This is very much a post-Arab Spring speech and though he offers obligatory praise of that over-hyped phenomenon, the lessons he has drawn from its failure make for a changed perspective.
How changed? Blair endorses the Egyptian popular overthrow of the Muslim Brotherhood and urges support for the new government within the larger context of "supporting and assisting" those who take on "Iran and the Muslim Brotherhood".
That's an impossible position in Washington D.C., but it emerges naturally out of an understanding that democracy isn't enough and that an Islamist political victory inherently dismantles democracy.
"Islamist ideology", Blair says, has an "exclusivist" ultimate goal, which is "not a society which someone else can change after winning an election". The Muslim Brotherhood and terrorist groups, he says, are both part of an "overall ideology" in which "such extremism can take root". They are all totalitarian group that differ on "how to achieve the goals of Islamism" rather than on "what those goals are."
Democracy is downright destructive in a political landscape in which Islamic political forces compete. Instead Blair's new doctrine replaces democracy with religious freedom.
The former British Prime Minister calls for supporting "the principles of religious freedom and open, rule based economies. It means helping those countries whose people wish to embrace those principles to achieve them. Where there has been revolution, we should be on the side of those who support those principles and opposed to those who would thwart them."
That position, Blair continues, leads him to support the Egyptian uprising against the Muslim Brotherhood and even interim Assad rule until a final agreement is concluded.

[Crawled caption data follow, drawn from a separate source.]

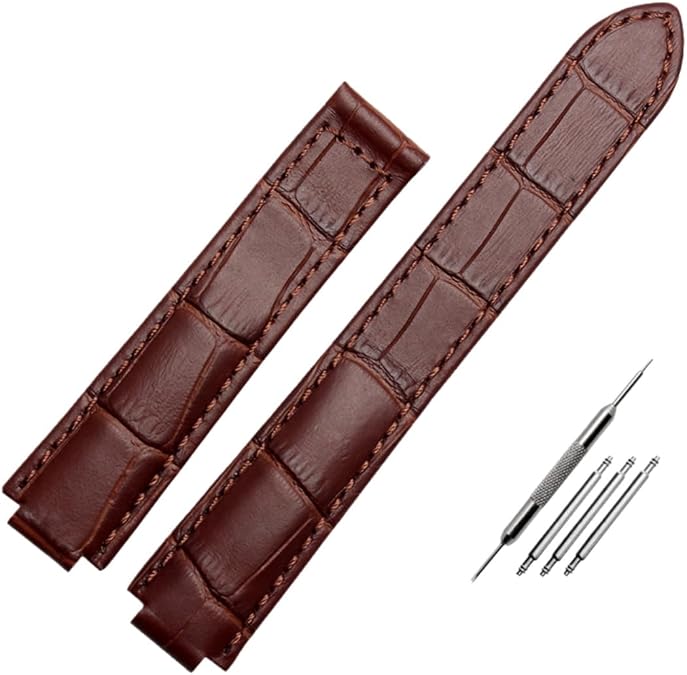 Genuine Leather Watch Strap for Cartier Ballon Bleu WSBB0025 Unisex 18mm Strap with Notched Design
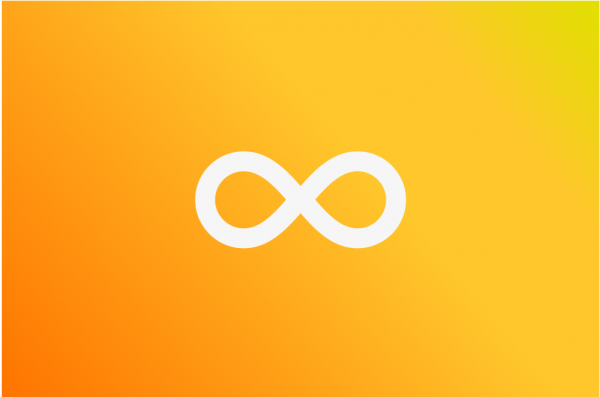 white infinity symbol icon over an orange gradient background
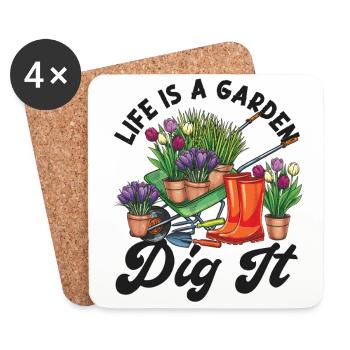 Plant Lover Gardening Pun Life Is - Coasters (set of 4) - white - Front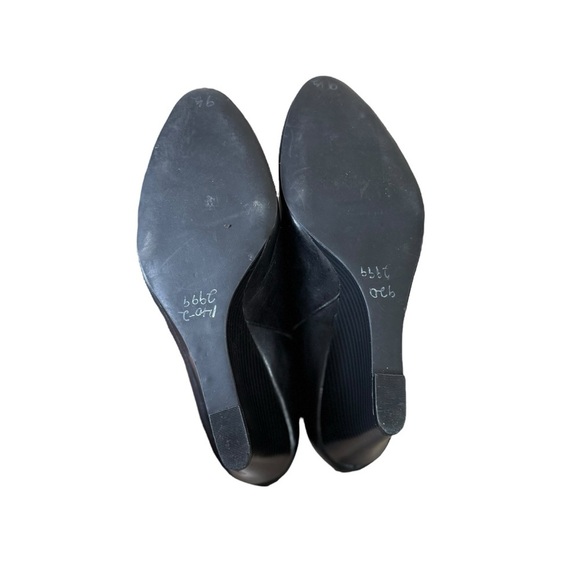 Naturalizer Womens Ella Wedge Bootie Black Leather 9.5M Capsule Minimalist Comfy - Picture 7 of 9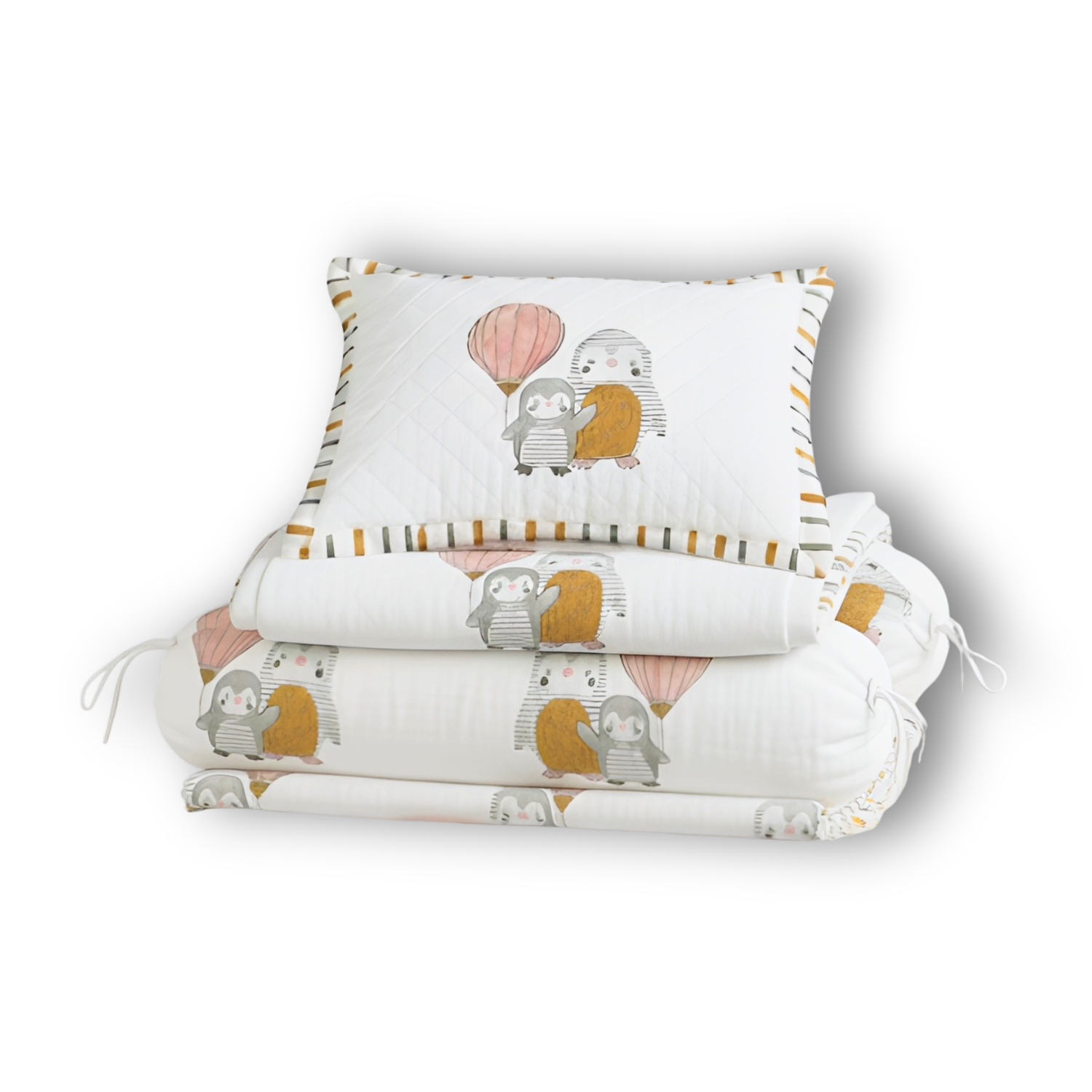 Penguin Party Mulmul Cot Bedding Set With Dohar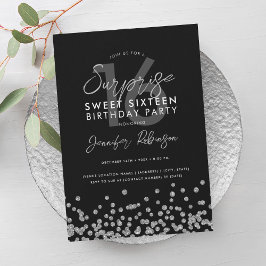 Eleganter Silver Glitzer Confetti Überraschung Swe Einladung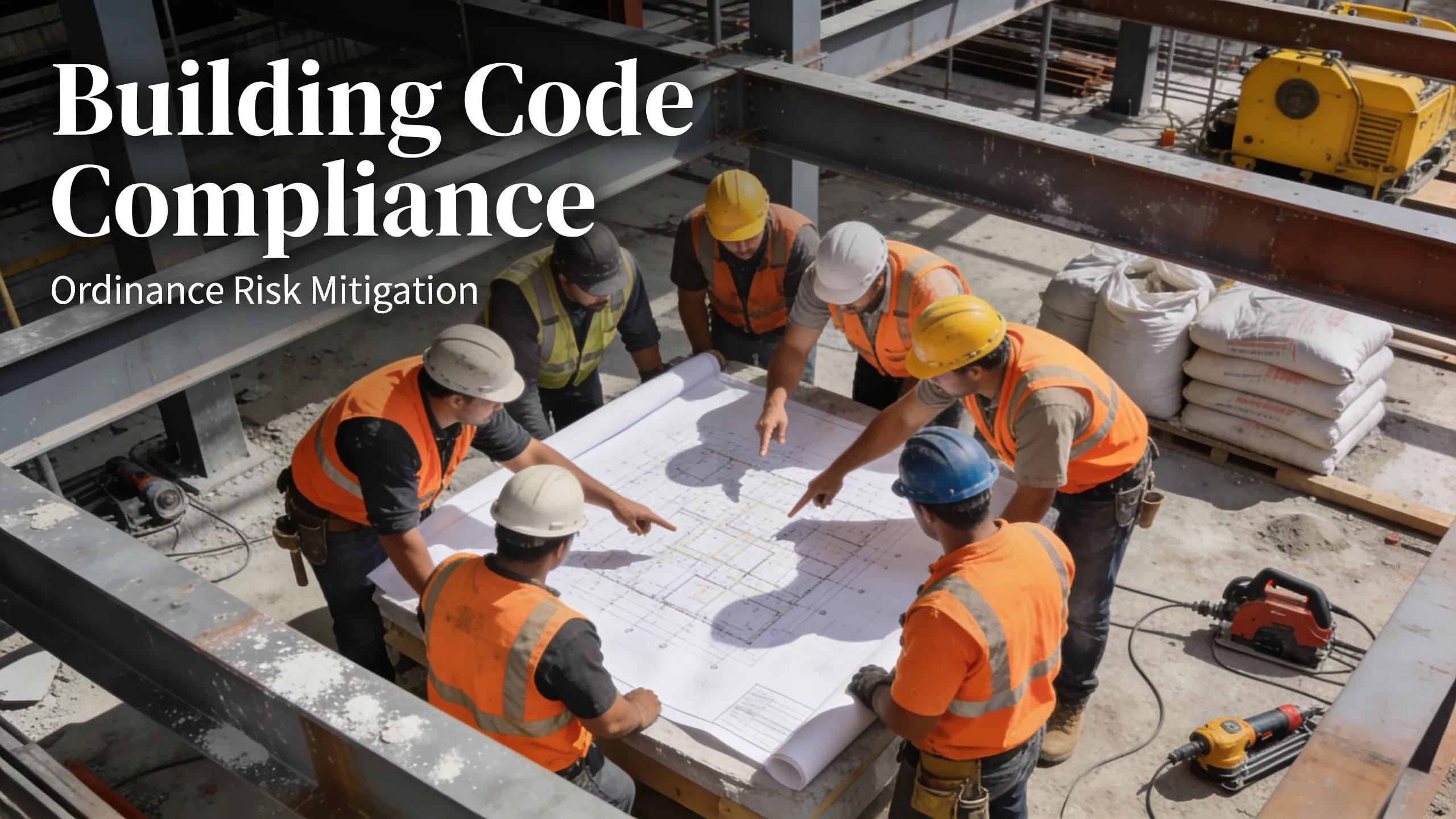 Construction workers reviewing building plans highlighting compliance with building codes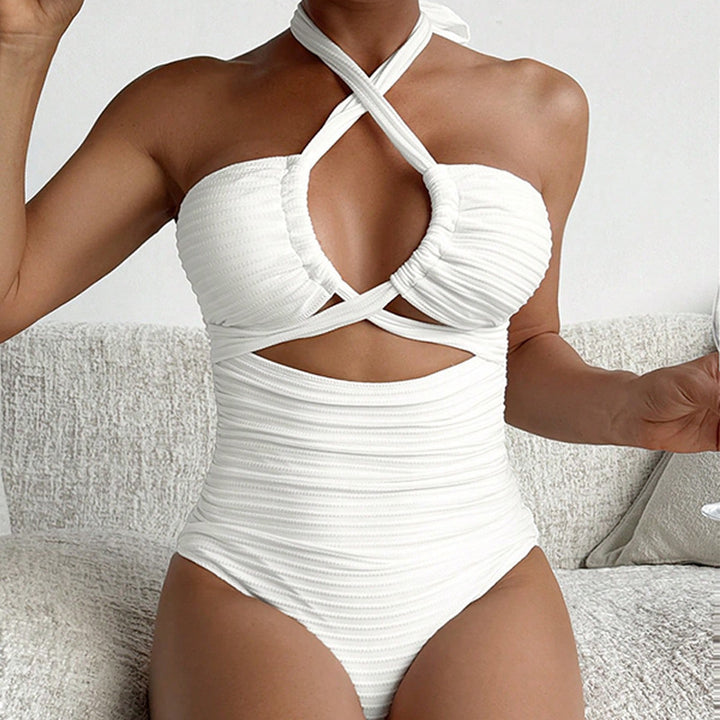 Damen Einteiler Badeanzug mit modischem Wickeldesign und aufregenden Cut-Out-Details Echo Archiv
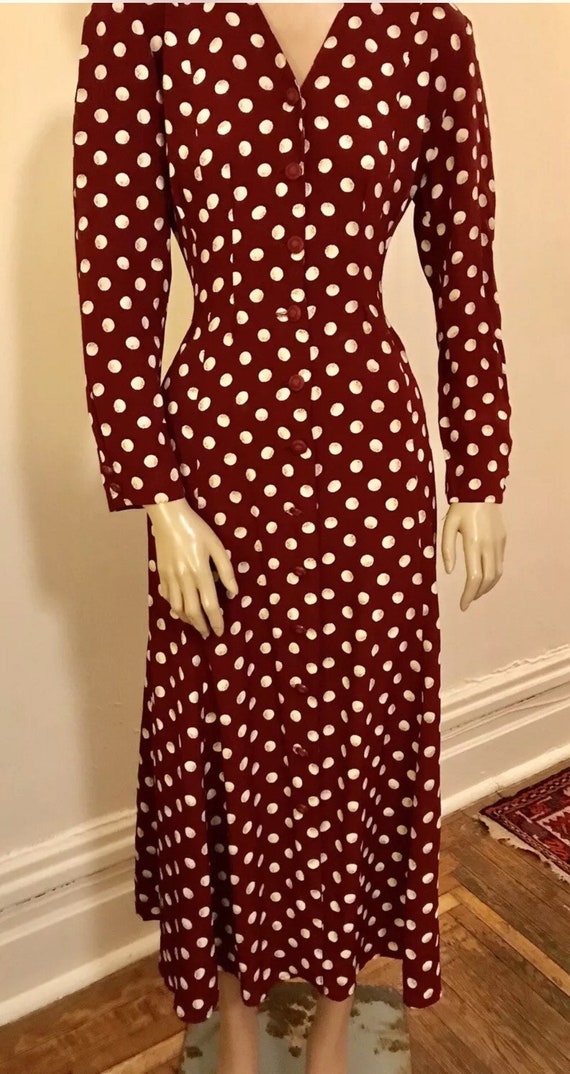 Vintage 70’s Maroon Maxi dress, long sleeves - image 3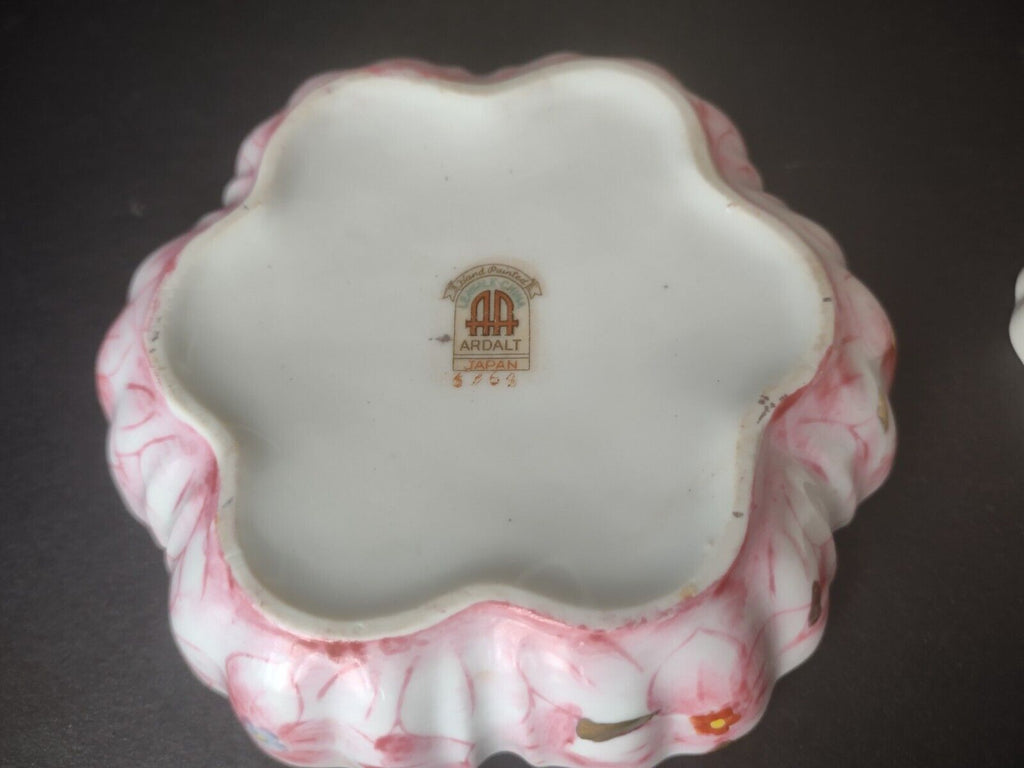 Set Ardalt Japan Lenwile China Pink Flower Gold Trim Trinket Dish (lot 471)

While that may not seem like much, imagine the last 15 years if the obsession with using democracy to replace dictatorships had instead been turned to promoting religious freedom at the expense of Islamic rule. Imagine if we made tolerance for Christians and other religious minorities into the defining line instead of the meaningless one of holding majority rule Muslim elections.
The Blair Doctrine surgically replaces democracy with religious freedom while leaving the larger worldview so common in European and American political circles untouched so that it does not seem like a shift, but a natural adaptation to the failures of the Arab Spring.
Blair cannot and will not say that the problem with democracy in countries with an Islamic majority is the tyranny of the majority, nor does he ever use the word 'secularism', and his rhetoric is largely dependent on assumptions made in the aftermath of the Cold War by a comfortable West.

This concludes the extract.